3. **Tooling availability** — Make is a 5-second install on Windows
(`winget install GnuWin32.Make`, Git Bash, or WSL). PowerShell users who
skip Make can still read the Makefile and run the underlying commands
directly.
### 7. Why a `freeze-paper-notebook` Make target?
The IEEE paper points reviewers at the notebook. If the notebook drifts from
what the paper describes, reviewers running it will see numbers that don't
match the paper — and that's a scientific integrity issue, not a software
issue. The target hashes the notebook and asserts it matches a locked
SHA-256. Phase 4 wires this into CI as a required check on `main`.
### 8. Why split optional deps into `[hf]`, `[eval]`, `[mlflow]`, `[dev]`?

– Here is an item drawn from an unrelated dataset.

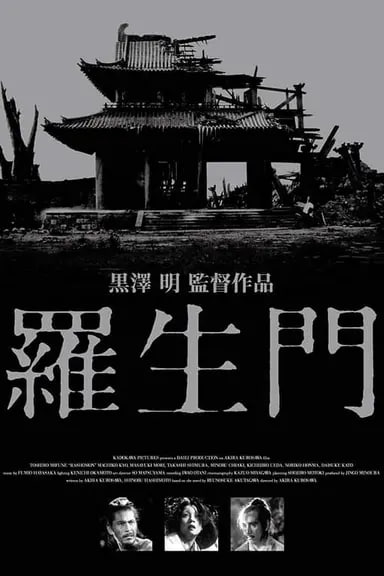 【原盘】罗生门 (1950) 1080P REMUX 外挂简中字幕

The slim production image (`backend:latest`) does NOT need transformers,
torch, pycocoevalcap, or MLflow. Bundling them adds ~1.5 GB of dependencies
the production code never imports. Extras let `pip install -e ".[hf]"` add
the HuggingFace baselines for the Phase 3 comparison demo, while
`pip install -r requirements.txt` keeps the production install lean.
### 9. Why MIT license?
The IEEE paper is published under IEEE's standard terms; the *code* is
covered separately. MIT is the most permissive widely recognised license —
it lets recruiters, students, and other researchers freely fork, learn from,
and extend the code. For a recruiter-grade portfolio project, permissive
licensing signals "I want this work to be useful," which is the right tone.
### 10. Why folder name `configs/` (plural), not `config/` (singular)?
`config/` was the empty folder shipped with the template. The plural form
`configs/` is the convention in modern Python ML projects (FastAPI's own
example apps, Hydra projects, the official `transformers` repo) because
it holds multiple files (one per environment, model variant, or run).
Phase 1 creates `configs/` with content; the empty `config/` folder will
be removed in the Phase 1 commit that introduces the YAML files.
---
## What this phase deliberately does NOT do
- **No code is moved out of the notebook yet.** That's Phase 1, behind a
parity validation gate.
- **No `src/captioning/` modules are created.** Empty `__init__.py` files
would just be churn; Phase 1 will create them with real code.
- **No Dockerfile or docker-compose.yml.** They depend on `backend/app/`
existing; both arrive in Phase 1.
- **No GitHub Actions workflows.** They live in Phase 2, after there is
Python code to lint and type-check.
- **No README rewrite.** The current README accurately describes the
research; the demo-link rewrite happens in Phase 2 once a live URL exists.
This restraint is deliberate. Each phase ships a coherent slice of value;
running ahead would create half-built features and vague commits.
---
## Local setup checklist for the developer
After pulling this commit, on a fresh dev box:
```bash
# 1. Create a Python 3.10 virtual environment.
python -m venv .venv
.venv\Scripts\activate # PowerShell
# source .venv/bin/activate # Linux/macOS
# 2. Install dev dependencies + the package (editable).
make install-dev
# Or, without Make:
# pip install -r requirements-dev.txt -r requirements-eval.txt
# pip install -e ".[hf,mlflow]"
# 3. Register pre-commit hooks.
make install-hooks
# Or: pre-commit install
# 4. (Optional) Lock the paper notebook's hash, so CI can enforce parity.
make lock-paper-notebook
# 5. Verify everything works.
make pre-commit # Run all hooks against all files
make test # No tests yet — exits cleanly with "no tests collected"
```
The first `make install-dev` will take a few minutes (TensorFlow is large).
Subsequent runs hit the wheel cache and complete in seconds.